XY Chart Example - Line Chart Target Area

This example demonstrates how to utilize the line.open property to create a target zone. Target zones can be used to represent acceptable values for the data that is displayed to make it obvious if values are good or bad.

Although, there are many ways to enter data values and high/low limit values for a line chart, the data used in this example is shown in the code block below. Copy the JSON content below and paste it onto the Chart component's dataSources.example property.

[
{
"date": "2023-7-12 07:00:00",
"actual": 128,
"highLimit": 150,
"lowLimit": 125
},
{
"date": "2023-7-13 07:00:00",
"actual": 130,
"highLimit": 150,
"lowLimit": 125
},
{
"date": "2023-7-14 07:00:00",
"actual": 115,
"highLimit": 150,
"lowLimit": 125
},
{
"date": "2023-7-15 07:00:00",
"actual": 133,
"highLimit": 150,
"lowLimit": 125
},
{
"date": "2023-7-16 07:00:00",
"actual": 142,
"highLimit": 150,
"lowLimit": 125
},
{
"date": "2023-7-17 07:00:00",
"actual": 136,
"highLimit": 150,
"lowLimit": 125
}
]

Before creating a target zone, we must first adjust some of the default XY Chart settings to display the actual values from our example data source on the line chart:

  1. Remove the legend by setting legend.enabled to false.
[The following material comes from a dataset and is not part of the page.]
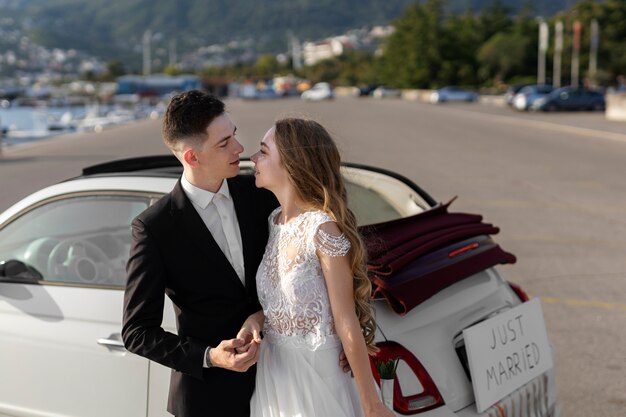 Una pareja de recién casados junto a un auto pequeño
  2. Navigate to the xAxis property to set the xAxis.0.name and xAxis.0.label.text properties. In this example, the name will be time and the label.text property will be set to Time.

  3. Make sure the xAxes.0.render property is set to date and set your xAxes.0.date format if needed. This example uses date for the xAxes.0.date.inputFormat and xAxes.0.date.format properties.

  4. Navigate to the yAxes property and delete the yAxes.1 array that is loaded by default.

  5. Then, set the yAxes.0.name and label.text properties. In this example, the name will be count and the label.text property will be set to Count.

  6. Now, set the following series.0 properties to display the actual values:

    • name: actual
    • data.source: example
    • data.x: time
    • data.y: actual
    • xAxis: time
    • yAxis: count

Now, you'll see a line chart that displays the actual values. However, there is still no clear way to tell if these values are good or bad. This will be achieved by creating two more series using the high and low limit data already built into our data source.

  1. Create a new series and set the following series.1 properties to display the acceptable high limit area.

    • name: highLimit
    • data.source: example
    • data.x: time
    • data.y: highLimit
    • xAxis: time
    • yAxis: count
    • render: line
    • line.open.y: lowLimit
    • line.appearance.fill.color: #FF8C00
    • line.appearance.fill.opacity: 0.125
  2. Duplicate series.1 and change the following series.2 properties to display the acceptable low limit area.

    • name: lowLimit
    • data.y: lowLimit
    • line.open.y: highLimit

With the high and low limit areas displayed, it is now easy for any user to see that all counts were within the acceptable range, except for on 7/14/2023.